Getting around writers block can also be tough.  Reading other reviews from film critics you respect will either have an effect where you are inspired by their writing or deterred by their writing because you know you will most likely never be as good as them.  Sometimes all it takes is seeing a movie that inspires words of passion to break the cycle, but that can also take a long time.  Relaxing by watching movies doesn't help because your mind is almost always working (although TV can be a good substitute since that's another business you don't write for altogether).  Sometimes reading regular books can help a great deal.  To take in a story from a format you don't normally analyze to death helps a great deal.
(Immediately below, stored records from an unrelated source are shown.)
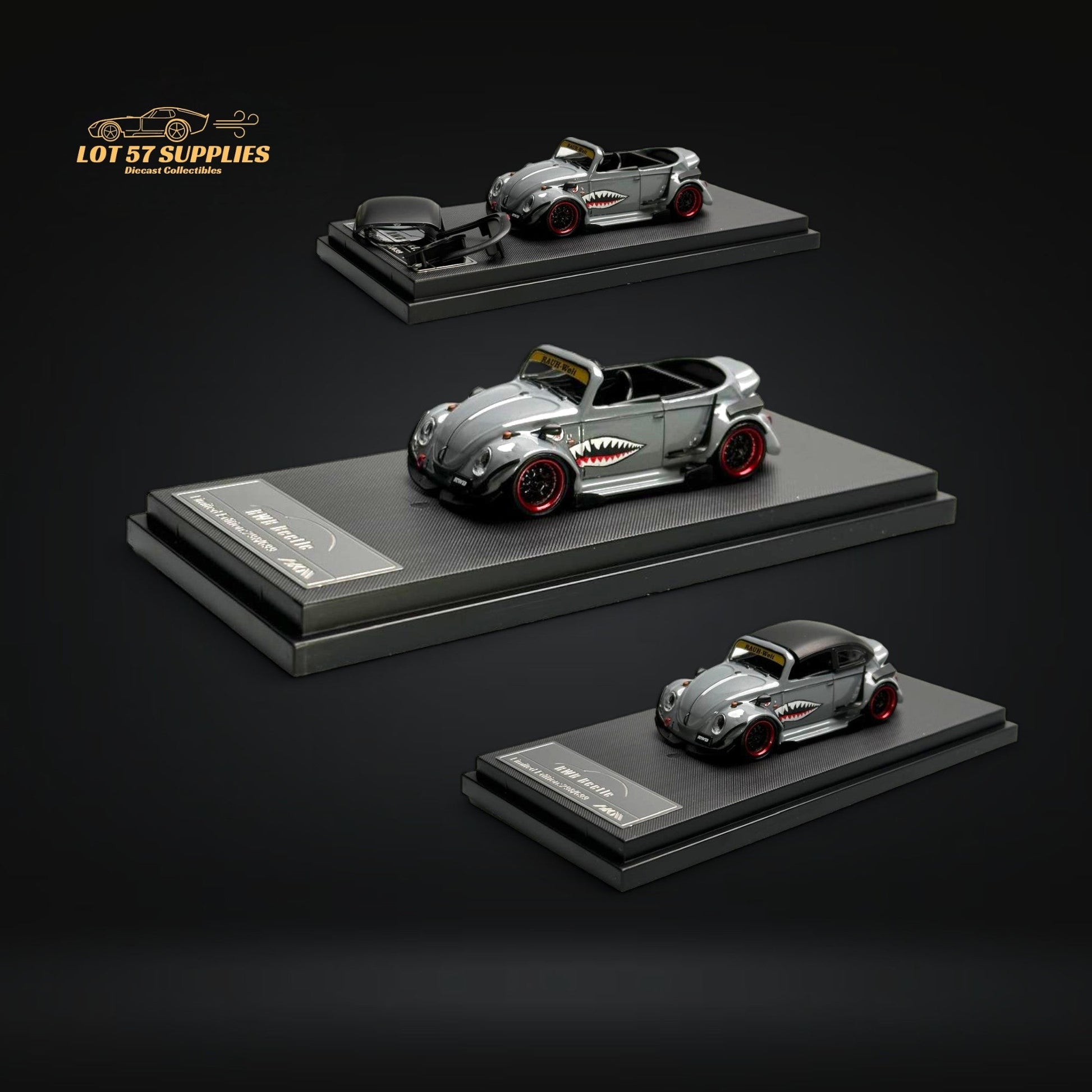 Gray VW Beetle convertible diecast model with shark mouth design, 1:64 scale by HKM, detailed miniature car for collectors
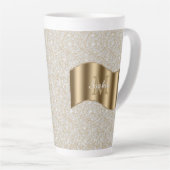 Diamanten, grote gouden monogram witte scriptnaam latte mok (Rechterhoek)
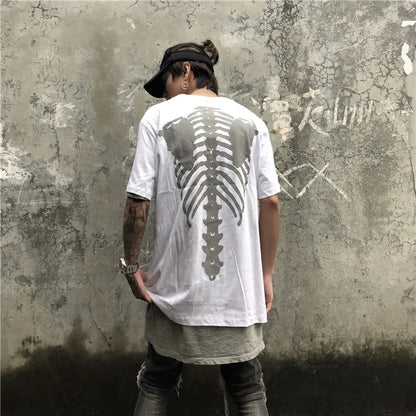 Men's Fashion Reflective Skull Printed T-shirts New Casual Loose Short-sleeved Crew Neck Tees Hip Hop Streetwear Loose Tops Street King Limited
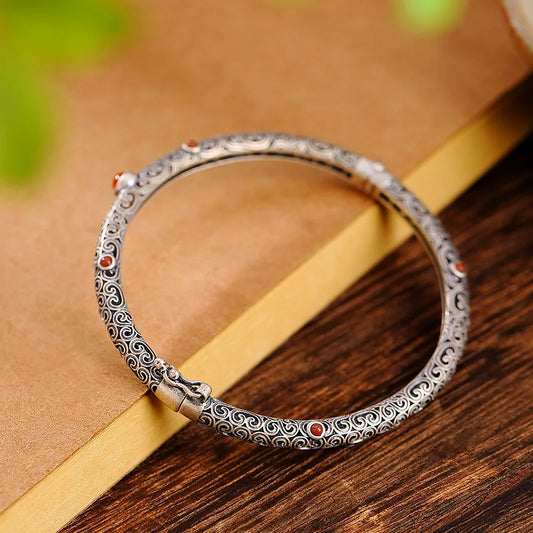 Bracelet en cuivre pour femmes, jonc ajouré ethnique vintage, bijou de fête classique exquis de cour rétro, cadeau, accessoires de festival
If you're religious prayer can help.  Or you could simply write a blog post where you mull over your recent writers block.  What will this accomplish?  Not much other than the fact that it will get you to write again.  Sometimes the best medicine for writer's block is just to write about anything other than movies for a bit.  I find when I'm getting writers block I can distract myself by working on my book about growing up with Asperger's Syndrome.  I should probably also work on the last several chapters of my novel but I've had writers block on that for a couple years now.  Some of you may be reading this and wondering what the big deal is.  Seeing that most film critics are their own boss it shouldn't be too stressful to get writers block because you work with your own schedule.

This may be true but your readers will determine if you are keeping a schedule that is fitting to them.  I will still write and post my "Maleficent" review, but at this point it's not going to be much help to anyone who needed the review up during the opening weekend.  If you aren't keeping up to date with your reviews your visitors will read other peoples reviews, then they won't visit your site, and then you don't make any money because ad revenue you would normally get from those visitors isn't coming in.  While most people do this for fun to do it for a living means that you can't afford to have writers block for too long.  So if you want to be in this profession get ready to have some sort of plan in place where you can gain inspiration when you just can't find the words to share in your reviews.  Otherwise you'll never be financially stable when doing this.